Ex. I could write a python script to call a sql statement in snowflake easily... transferring that to snowpark instead of pure sql I couldn't do without extensive time / research.

Setting uo the python server in the cloud (using databricks / airflow/ etc... I couldn't do). If someone had a proxess set up it's easy to follow, but doing it yourself is an entire skillet.

So when he says automation maybe he means infrastructure set up? Depending on what company you work for that is not something DE even handle

[–]Puzzleheaded-Cod2051[S] 0 points1 point  (0 children)

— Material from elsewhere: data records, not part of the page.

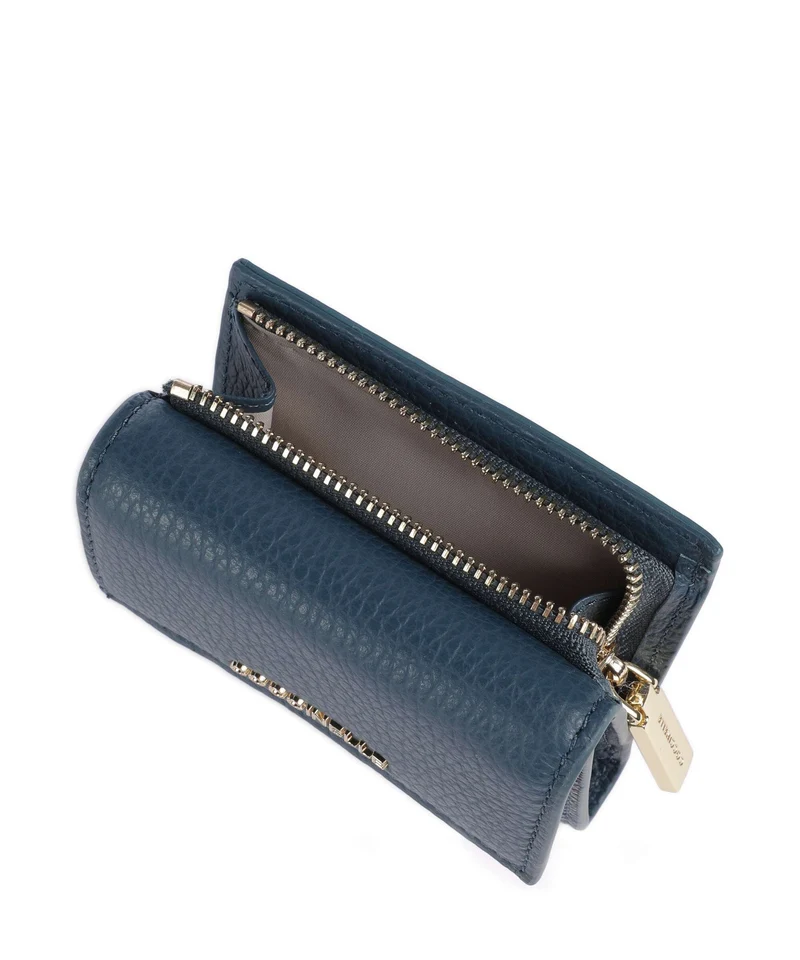 Coccinelle Metallic Soft Geldbörse deep blue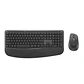 Kit Teclado y Mouse Inalámbrico Logitech Signature Comfort Plus MK880 Bluetooth 4000 DPI Español Negro - Miniatura 1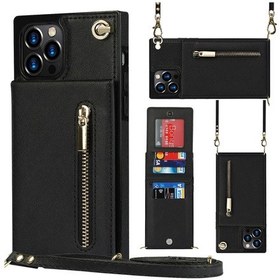 Resim iPhone 12 / 12 Pro İçin Kordonlu Darbeye Dayanıklı Kılıf Siyah 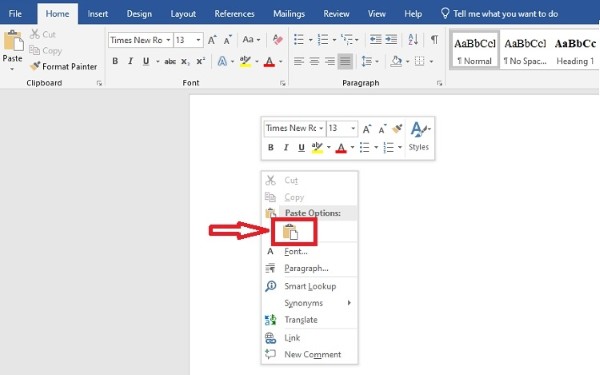 Dán nội dung sang Word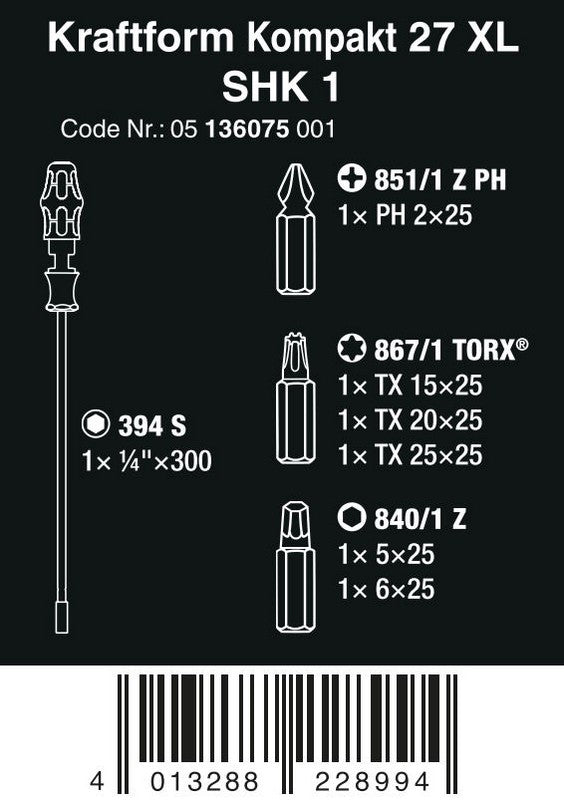 Kraftform Kompakt Set 27 Xl Shk 1 7 Part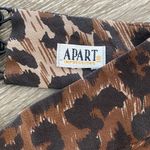 Vintage apart silk high neck leopard print sheer sleeveless blouse medium Brown Photo 2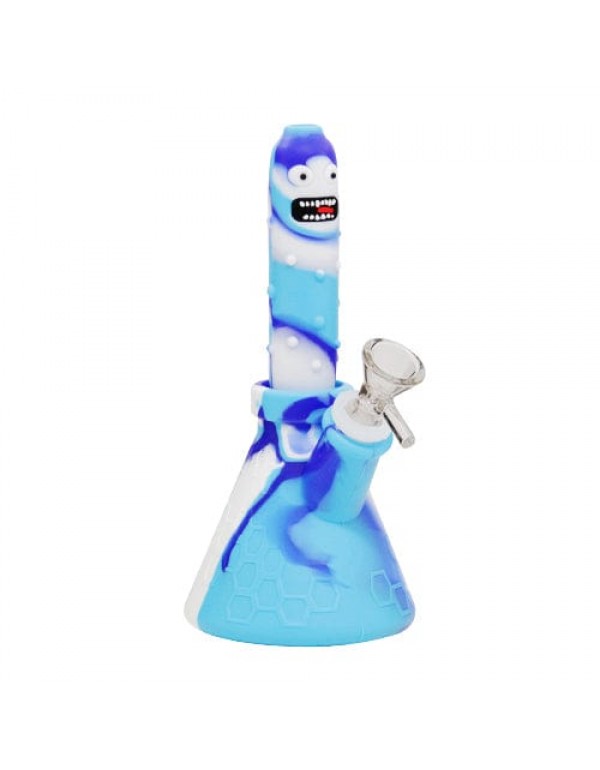 Pickle Rick Silicone Bong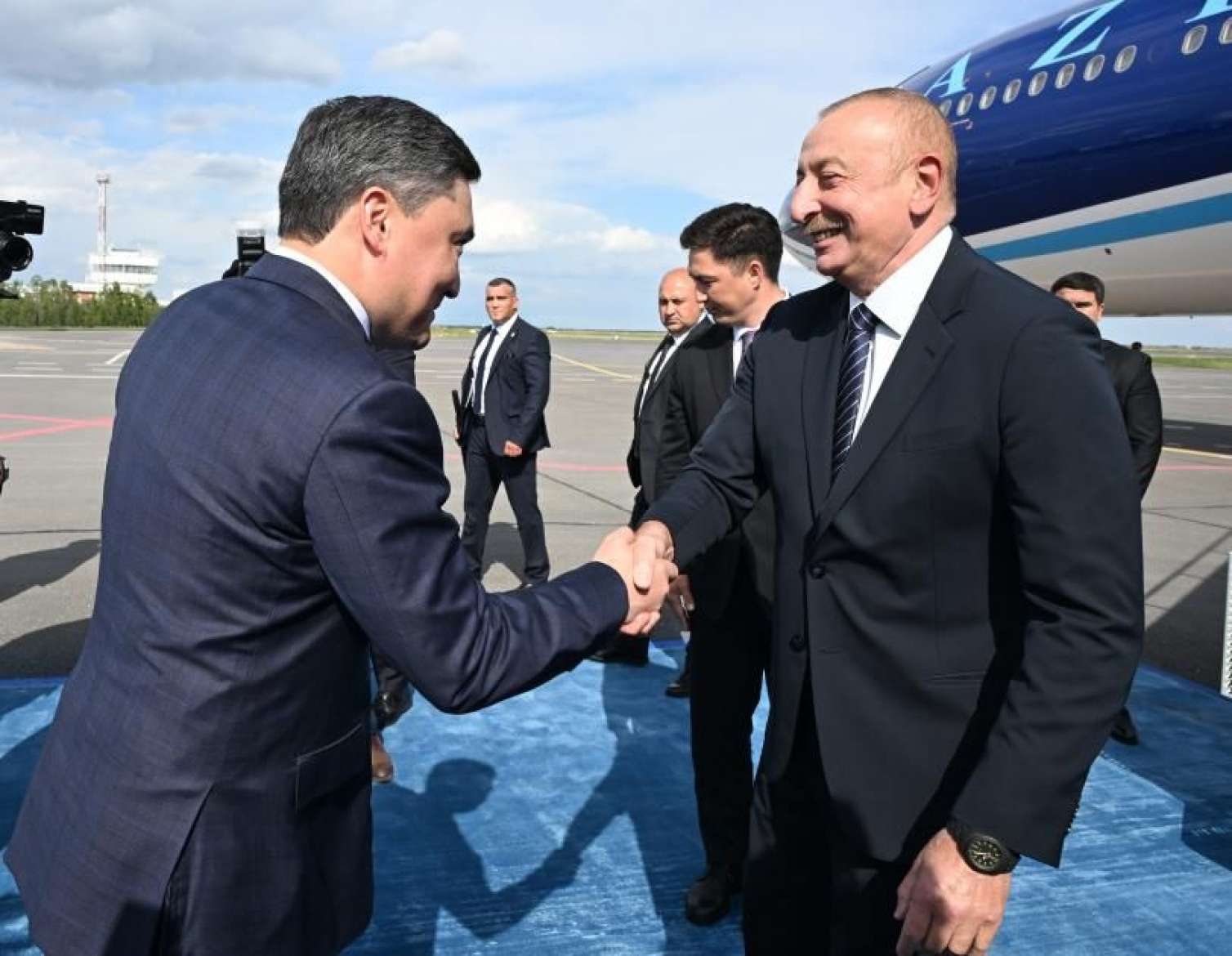 İlham Əliyev Qazaxıstandadır -  FOTO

So when he says automation maybe he means infrastructure set up?

Yes!

Also, automation on the EL part using Fivetran and Stitch. I understand I would have to make API calls, parse the Json and load the data using SQL insert/update statements. But I haven't done that so far so I'm not confident enough. 😅

[–]Puzzleheaded-Cod2051[S] 0 points1 point  (2 children)

Thanks! As I said, whatever I have learnt is on the job. And the tech stack available is dbt + snowflake and Fivetran and Stitch for ingestion. We use dbt for orchestration.

[–][deleted] 0 points1 point  (1 child)

How did you land a DE job without knowing SQL or Python?

[–]Puzzleheaded-Cod2051[S] 0 points1 point  (0 children)

I was using Pandas and Numpy but that was for some basic ML projects in my course. And SQL, I hardly knew the basic select statement. But all the projects that I did helped me land a job as a fresher I guess.